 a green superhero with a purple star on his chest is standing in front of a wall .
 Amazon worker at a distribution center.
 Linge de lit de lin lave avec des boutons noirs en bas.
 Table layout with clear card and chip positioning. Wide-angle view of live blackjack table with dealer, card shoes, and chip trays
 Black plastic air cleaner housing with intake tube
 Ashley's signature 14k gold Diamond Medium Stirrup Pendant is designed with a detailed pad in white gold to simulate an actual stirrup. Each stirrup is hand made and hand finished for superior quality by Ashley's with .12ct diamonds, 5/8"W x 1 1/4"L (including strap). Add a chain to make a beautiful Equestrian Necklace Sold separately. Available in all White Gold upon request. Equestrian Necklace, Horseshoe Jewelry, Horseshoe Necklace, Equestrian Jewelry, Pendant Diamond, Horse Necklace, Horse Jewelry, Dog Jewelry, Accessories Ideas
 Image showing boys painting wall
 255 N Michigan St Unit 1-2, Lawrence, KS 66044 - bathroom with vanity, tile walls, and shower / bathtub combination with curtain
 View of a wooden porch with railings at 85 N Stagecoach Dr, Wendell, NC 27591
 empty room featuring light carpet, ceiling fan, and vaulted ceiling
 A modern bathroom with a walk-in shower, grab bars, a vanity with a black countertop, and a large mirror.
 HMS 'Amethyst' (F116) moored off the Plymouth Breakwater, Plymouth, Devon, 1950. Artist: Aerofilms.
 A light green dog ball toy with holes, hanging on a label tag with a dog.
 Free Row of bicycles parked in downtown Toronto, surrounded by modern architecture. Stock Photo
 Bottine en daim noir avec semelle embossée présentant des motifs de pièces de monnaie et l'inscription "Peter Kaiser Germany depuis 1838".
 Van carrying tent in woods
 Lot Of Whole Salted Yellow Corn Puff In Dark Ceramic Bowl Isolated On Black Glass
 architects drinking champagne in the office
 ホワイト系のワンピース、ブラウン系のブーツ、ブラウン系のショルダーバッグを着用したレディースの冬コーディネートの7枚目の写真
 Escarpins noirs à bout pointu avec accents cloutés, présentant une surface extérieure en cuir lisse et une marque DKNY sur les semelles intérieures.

Action item
Produce a precise copy of all the material above.

Written response
 a green superhero with a purple star on his chest is standing in front of a wall .
 Amazon worker at a distribution center.
 Linge de lit de lin lave avec des boutons noirs en bas.
 Table layout with clear card and chip positioning. Wide-angle view of live blackjack table with dealer, card shoes, and chip trays
 Black plastic air cleaner housing with intake tube
 Ashley's signature 14k gold Diamond Medium Stirrup Pendant is designed with a detailed pad in white gold to simulate an actual stirrup. Each stirrup is hand made and hand finished for superior quality by Ashley's with .12ct diamonds, 5/8"W x 1 1/4"L (including strap). Add a chain to make a beautiful Equestrian Necklace Sold separately. Available in all White Gold upon request. Equestrian Necklace, Horseshoe Jewelry, Horseshoe Necklace, Equestrian Jewelry, Pendant Diamond, Horse Necklace, Horse Jewelry, Dog Jewelry, Accessories Ideas
 Image showing boys painting wall
 255 N Michigan St Unit 1-2, Lawrence, KS 66044 - bathroom with vanity, tile walls, and shower / bathtub combination with curtain
 View of a wooden porch with railings at 85 N Stagecoach Dr, Wendell, NC 27591
 empty room featuring light carpet, ceiling fan, and vaulted ceiling
 A modern bathroom with a walk-in shower, grab bars, a vanity with a black countertop, and a large mirror.
 HMS 'Amethyst' (F116) moored off the Plymouth Breakwater, Plymouth, Devon, 1950. Artist: Aerofilms.
 A light green dog ball toy with holes, hanging on a label tag with a dog.
 Free Row of bicycles parked in downtown Toronto, surrounded by modern architecture. Stock Photo
 Bottine en daim noir avec semelle embossée présentant des motifs de pièces de monnaie et l'inscription "Peter Kaiser Germany depuis 1838".
 Van carrying tent in woods
 Lot Of Whole Salted Yellow Corn Puff In Dark Ceramic Bowl Isolated On Black Glass
 architects drinking champagne in the office
 ホワイト系のワンピース、ブラウン系のブーツ、ブラウン系のショルダーバッグを着用したレディースの冬コーディネートの7枚目の写真
 Escarpins noirs à bout pointu avec accents cloutés, présentant une surface extérieure en cuir lisse et une marque DKNY sur les semelles intérieures.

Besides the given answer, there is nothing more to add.